:: Material provided ::
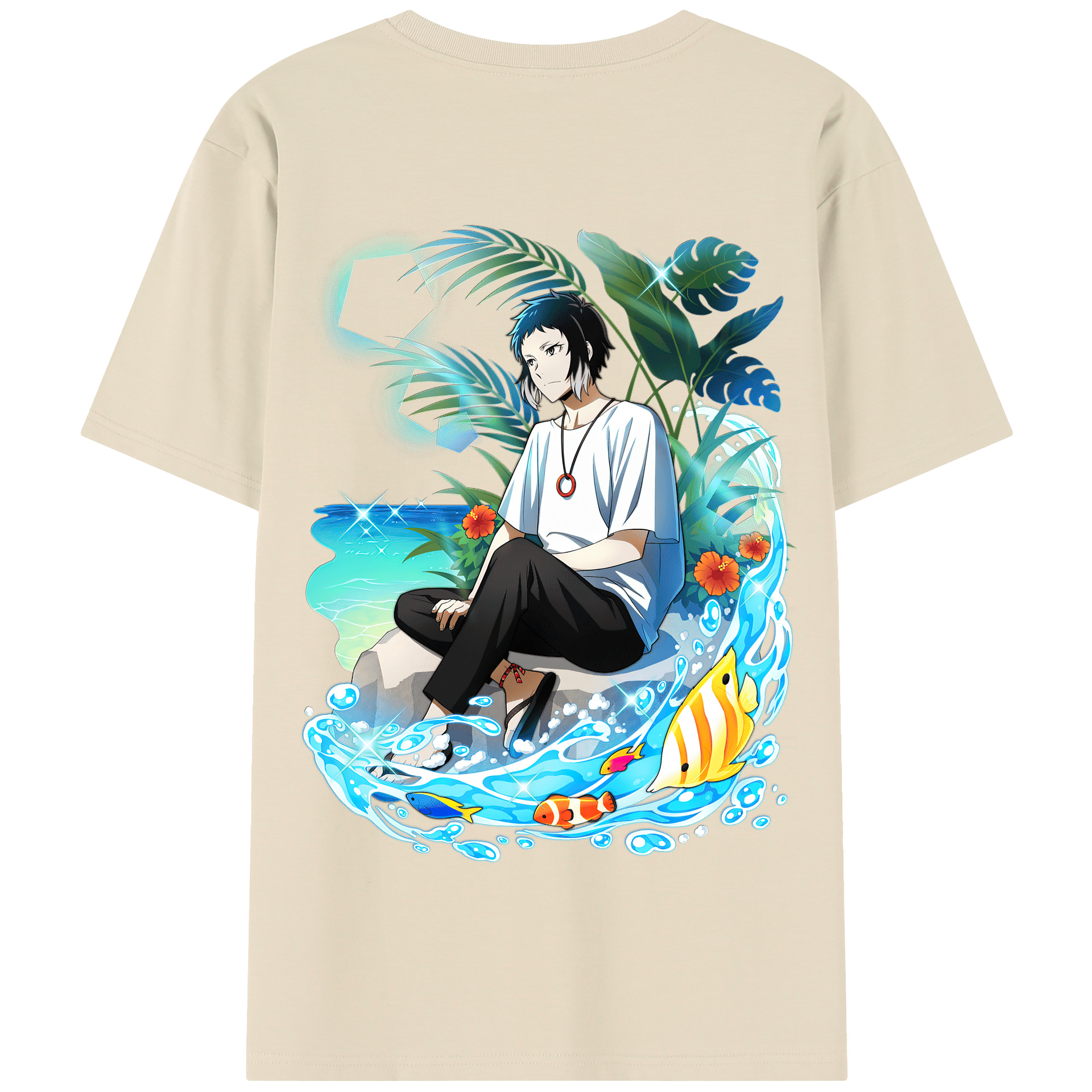 （画像用） 文豪ストレイドッグス Bungo Stray Dogs 綿100％半袖Tシャツ（背面プリント）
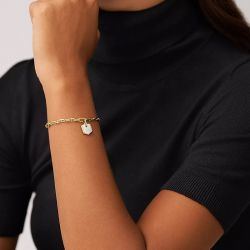 Bracelet chaîne femme fossil heritage laiton doré nacre - chaines - edora - 1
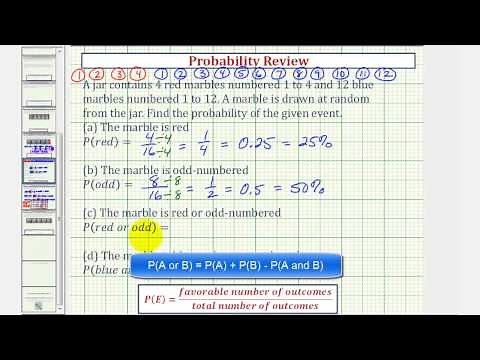 Ex: Basic Probability Review Using Marbles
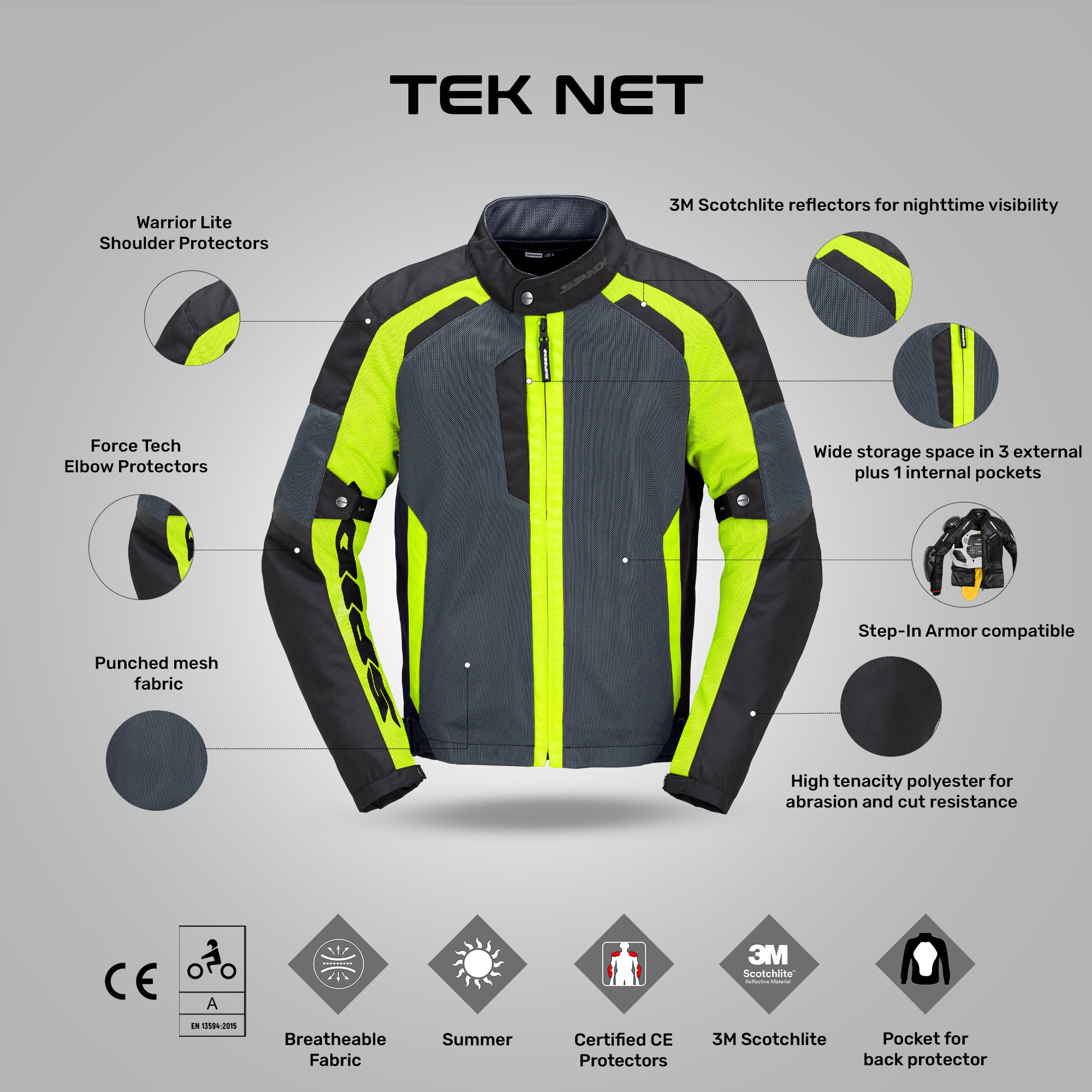Tek Net - Summer Adventure Touring Jacket (Black/Yellow)
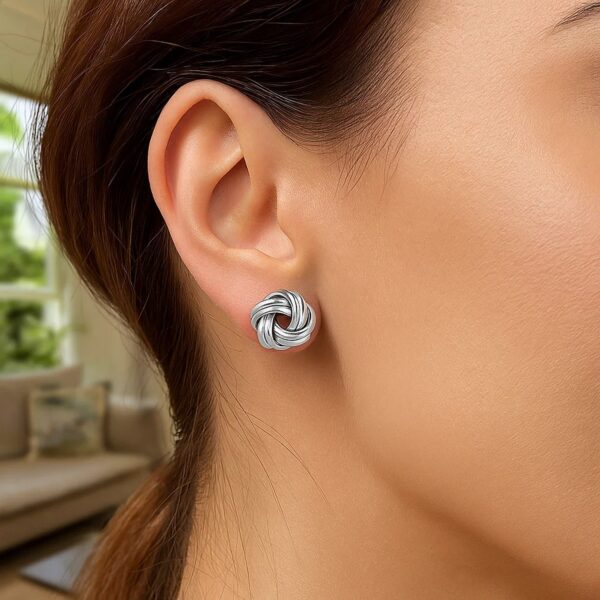 Sterling Silver Polished Two Strand Love Knot Earrings(13mm) - alternate view 2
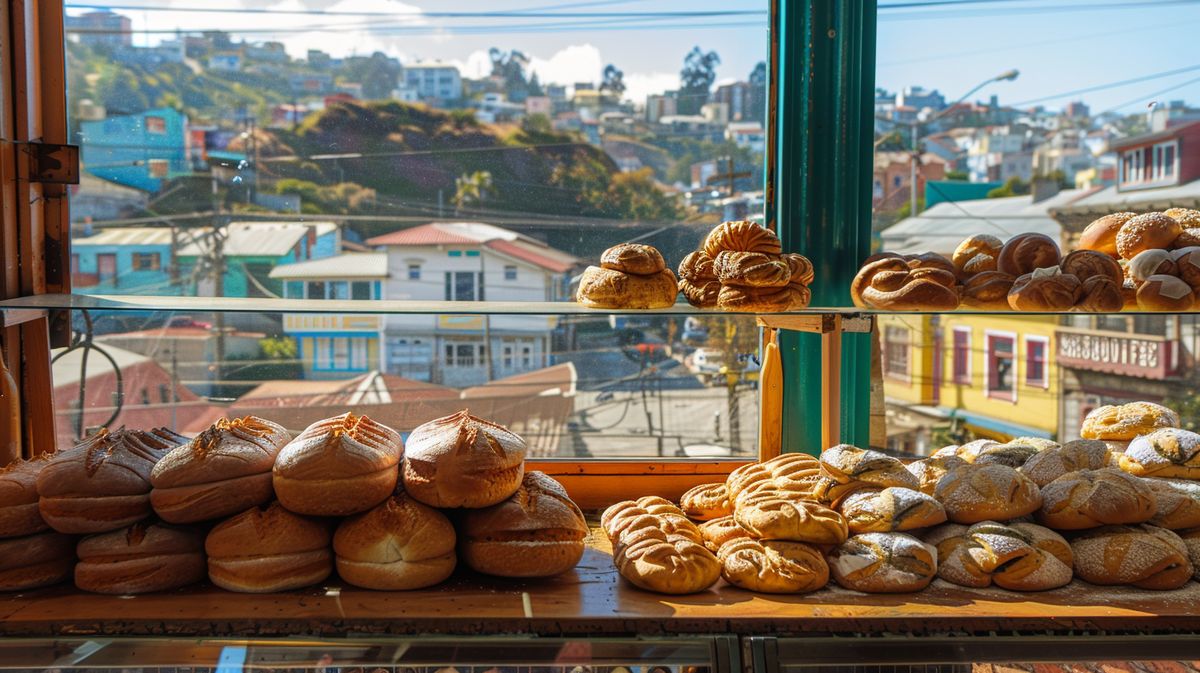 Pan recién horneado en la vitrina de la padaria Valparaíso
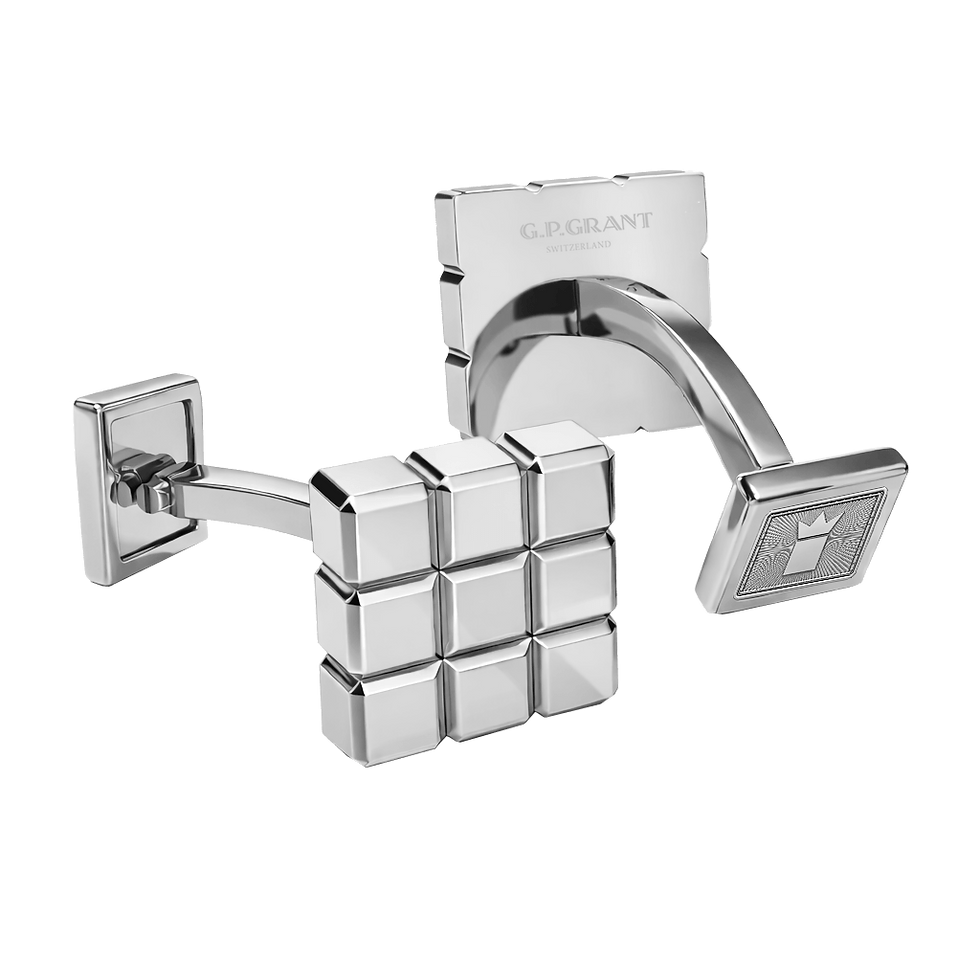 White Gold and Sterling Silver cufflinks, sophisticated monochrome small square jewelry for men. Manschettenknöpfe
:::
## Work instructions
Pictures aside, reproduce exactly the lines from the one containing "Pan recién horneado" to the end of the listing above, both ends included.

## Final answer
 Pan recién horneado en la vitrina de la padaria Valparaíso
 White Gold and Sterling Silver cufflinks, sophisticated monochrome small square jewelry for men. Manschettenknöpfe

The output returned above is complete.